** THE PROBLEM **
Word for word, transcribe the listing that follows, minus any pictures.
+===+
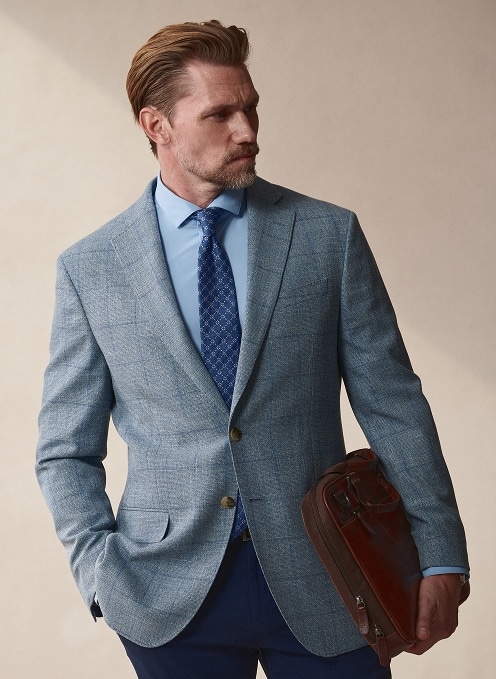 Man in a light blue sport coat. Sport coats 30 percent off.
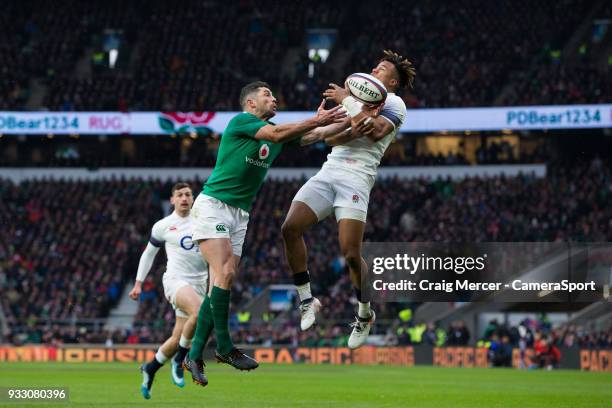 Rob Kearney of Ireland competes for a high ball with Anthony Watson of England which leads to the opening try during the NatWest Six Nations...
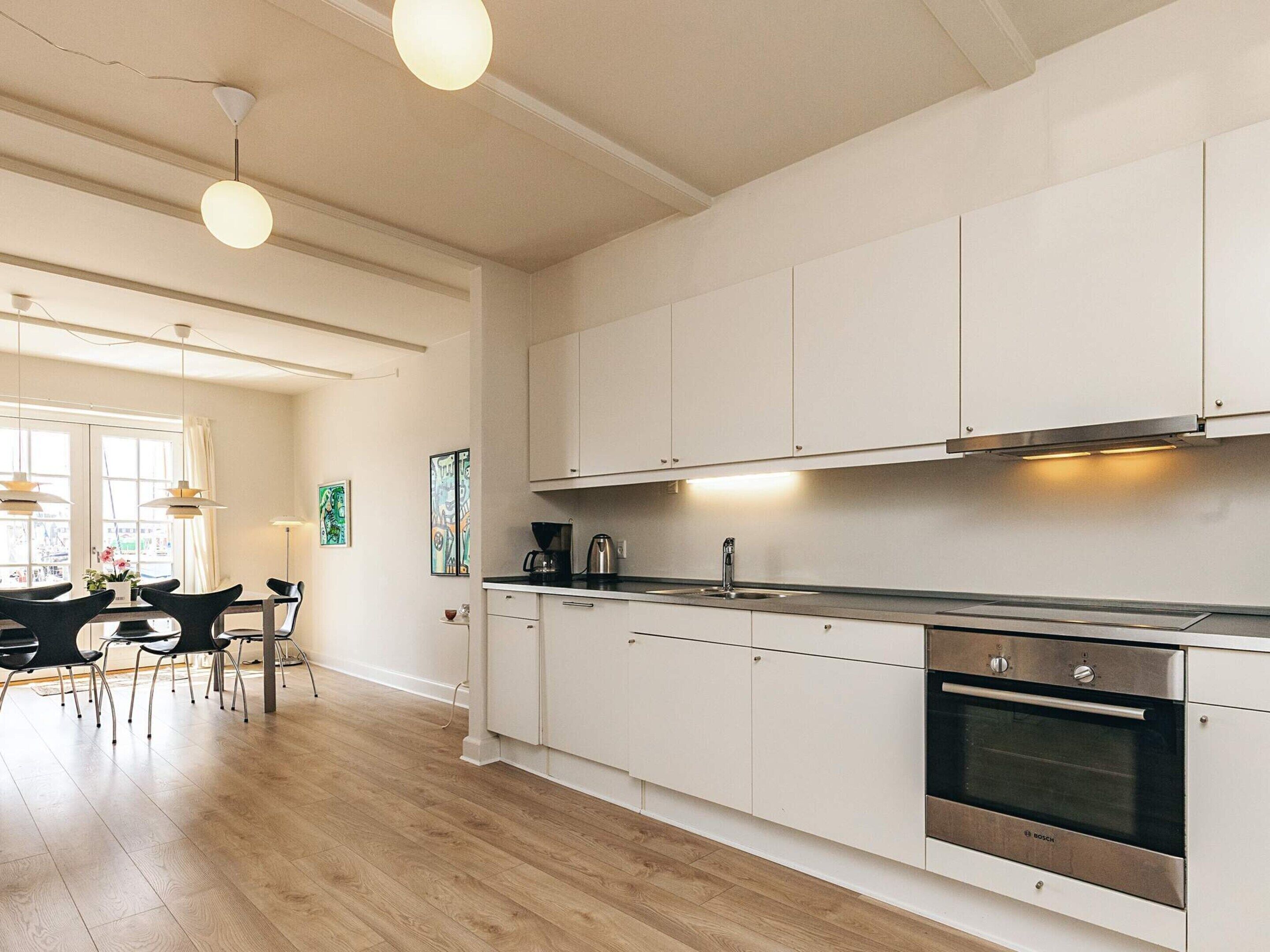 Una cocina moderna con armarios blancos, un horno Bosch e iluminación colgante.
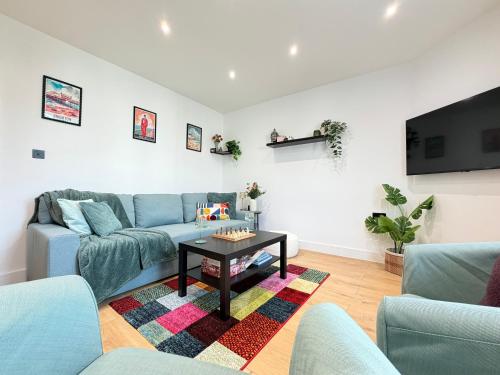a living room with a blue couch and a table at Modern Apartment, Central Brighton Breakaway - Friends, Families, Work in Brighton & Hove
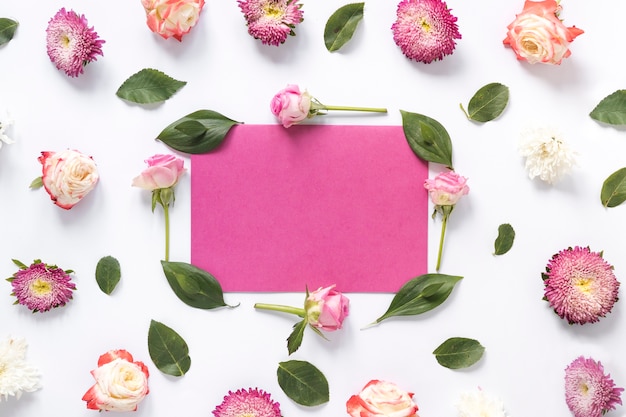 Blank pink paper surrounded by green leaves and flowers on white surface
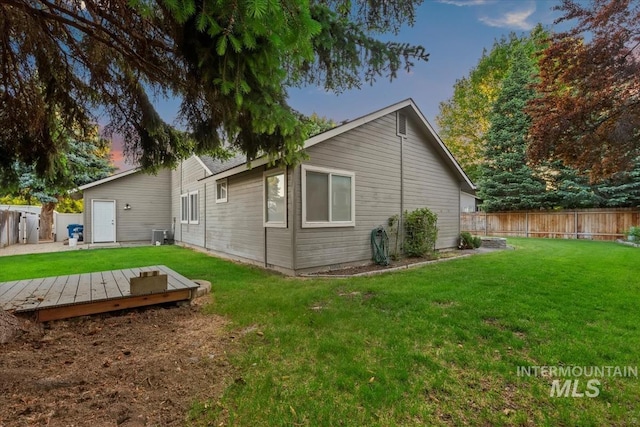 11909 W Patrina Dr, Boise, ID 83713 - back of house featuring central air condition unit and a wooden deck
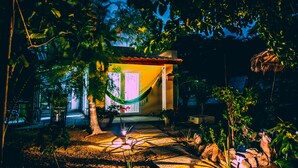 A well-lit house with a hammock, potted plants, and a stone pathway leading to the entrance. - Off grid living! Enjoy and love the Nature! (Savaneta)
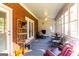 Inviting sunroom with brick accents, ceiling fan, and access to the backyard at 30 Carolyn Ct, Social Circle, GA 30025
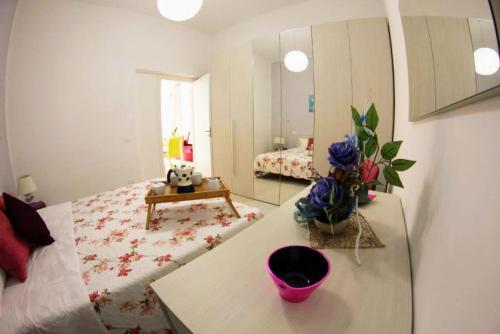 Ένα ή περισσότερα κρεβάτια σε δωμάτιο στο Casa Vacanze Aurora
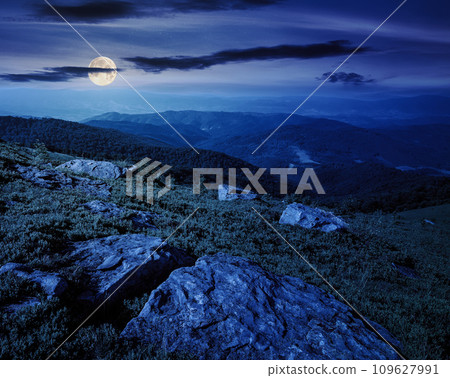 mountainous landscape at night. stones on the hillside. wonderful nature scenery in full moon light 109627991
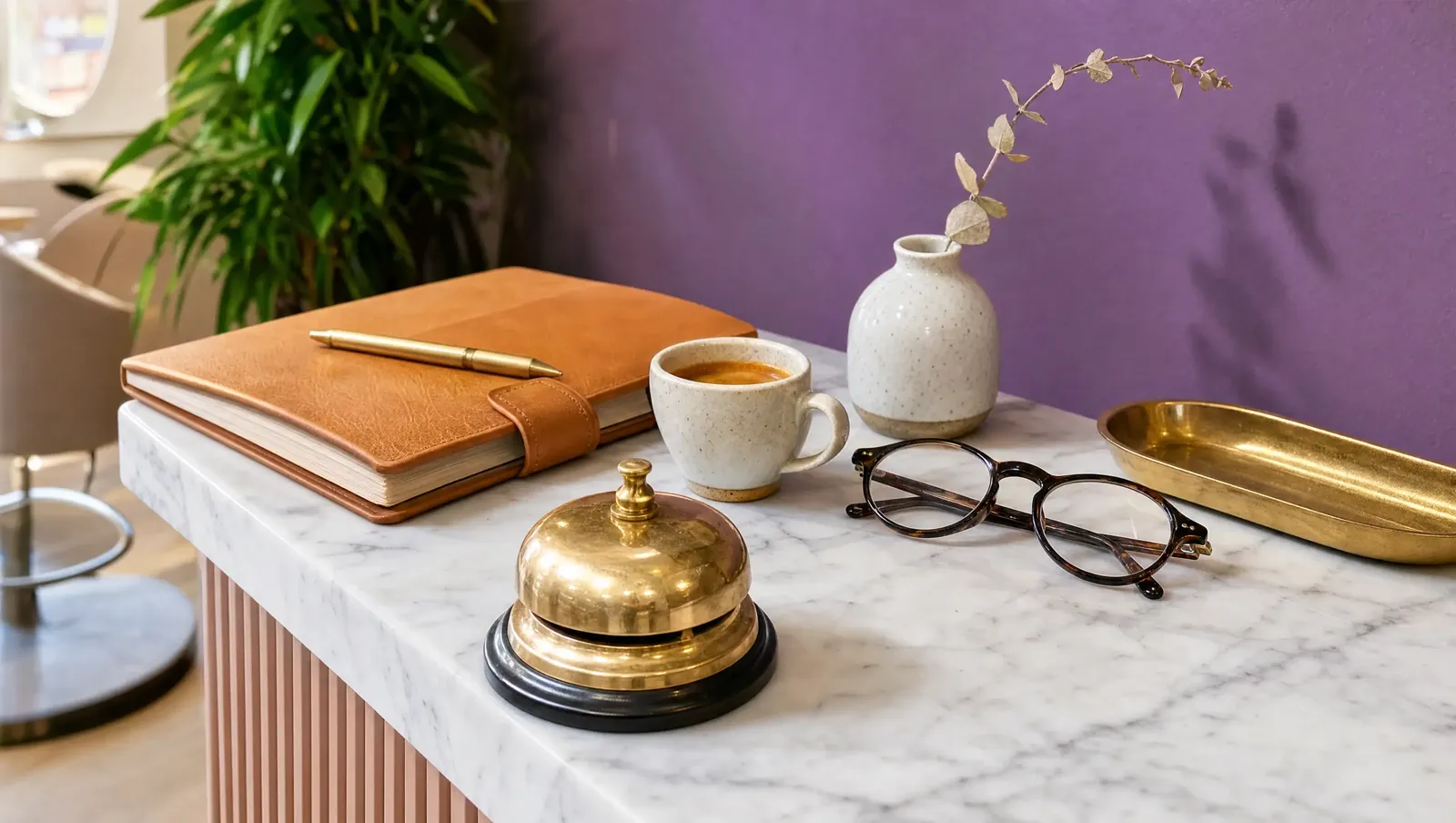 Balcão de recepção em mármore com campainha de latão, agenda de couro, café e óculos, diante de parede violeta
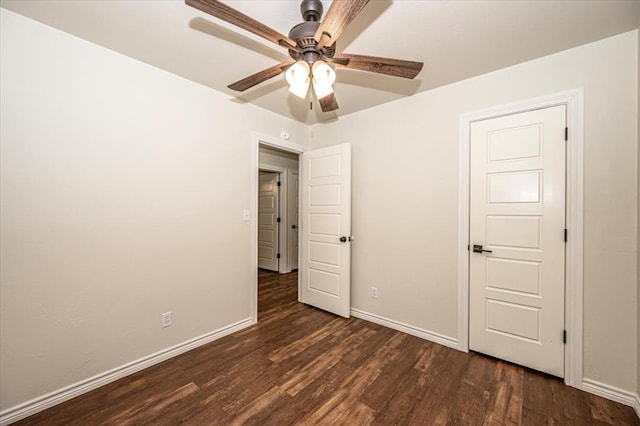 unfurnished bedroom with ceiling fan and dark hardwood / wood-style floors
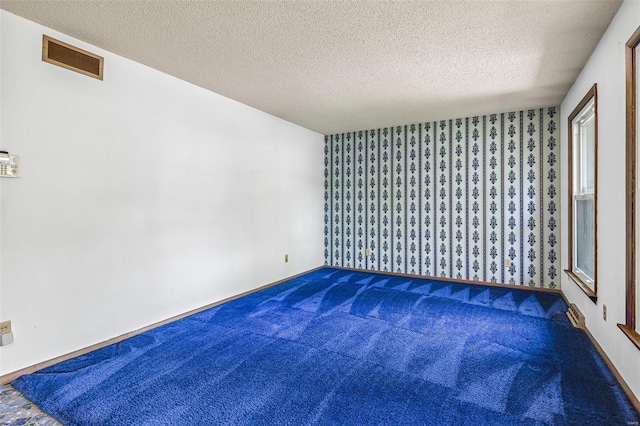 spare room featuring carpet floors, a textured ceiling, and wallpapered walls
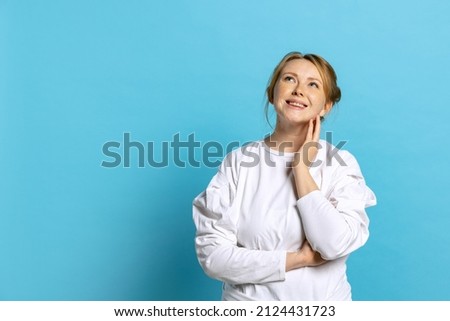 Dreaming young beautiful girl wearing white pullover looking up isolated on blue background. Concept of emotions, facial expression, youth, inspiration, sales. Copy space for ad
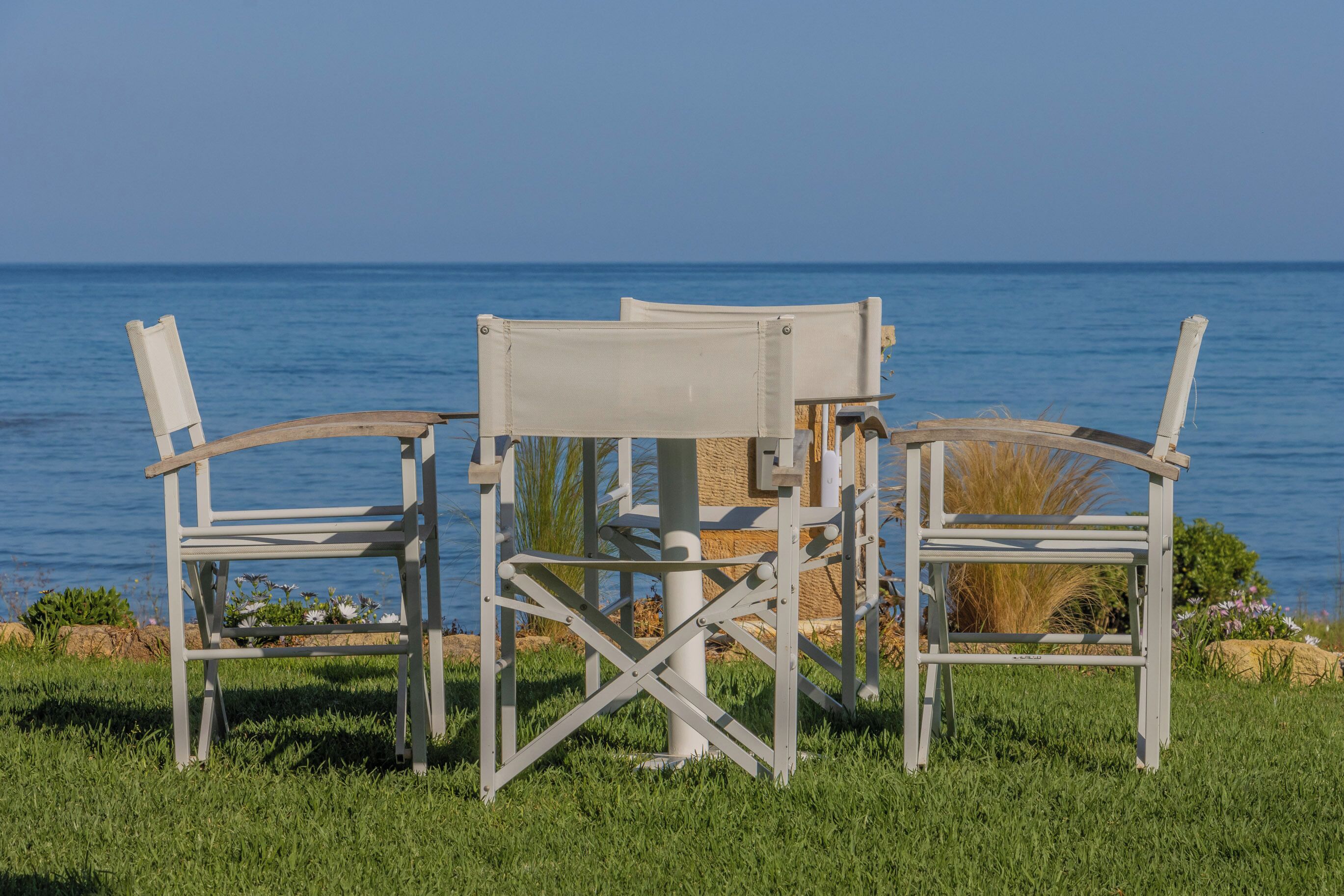 A white outdoor seating area with a view of the sea.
+===+
** ANSWER FOR THIS EXERCISE **
 Man in a light blue sport coat. Sport coats 30 percent off.
 Rob Kearney of Ireland competes for a high ball with Anthony Watson of England which leads to the opening try during the NatWest Six Nations...
 Una cocina moderna con armarios blancos, un horno Bosch e iluminación colgante.
a living room with a blue couch and a table at Modern Apartment, Central Brighton Breakaway - Friends, Families, Work in Brighton & Hove
 Blank pink paper surrounded by green leaves and flowers on white surface
 11909 W Patrina Dr, Boise, ID 83713 - back of house featuring central air condition unit and a wooden deck
 A well-lit house with a hammock, potted plants, and a stone pathway leading to the entrance. - Off grid living! Enjoy and love the Nature! (Savaneta)
 Inviting sunroom with brick accents, ceiling fan, and access to the backyard at 30 Carolyn Ct, Social Circle, GA 30025
 Ένα ή περισσότερα κρεβάτια σε δωμάτιο στο Casa Vacanze Aurora
 mountainous landscape at night. stones on the hillside. wonderful nature scenery in full moon light 109627991
 Balcão de recepção em mármore com campainha de latão, agenda de couro, café e óculos, diante de parede violeta
 unfurnished bedroom with ceiling fan and dark hardwood / wood-style floors
 spare room featuring carpet floors, a textured ceiling, and wallpapered walls
 Dreaming young beautiful girl wearing white pullover looking up isolated on blue background. Concept of emotions, facial expression, youth, inspiration, sales. Copy space for ad
 A white outdoor seating area with a view of the sea.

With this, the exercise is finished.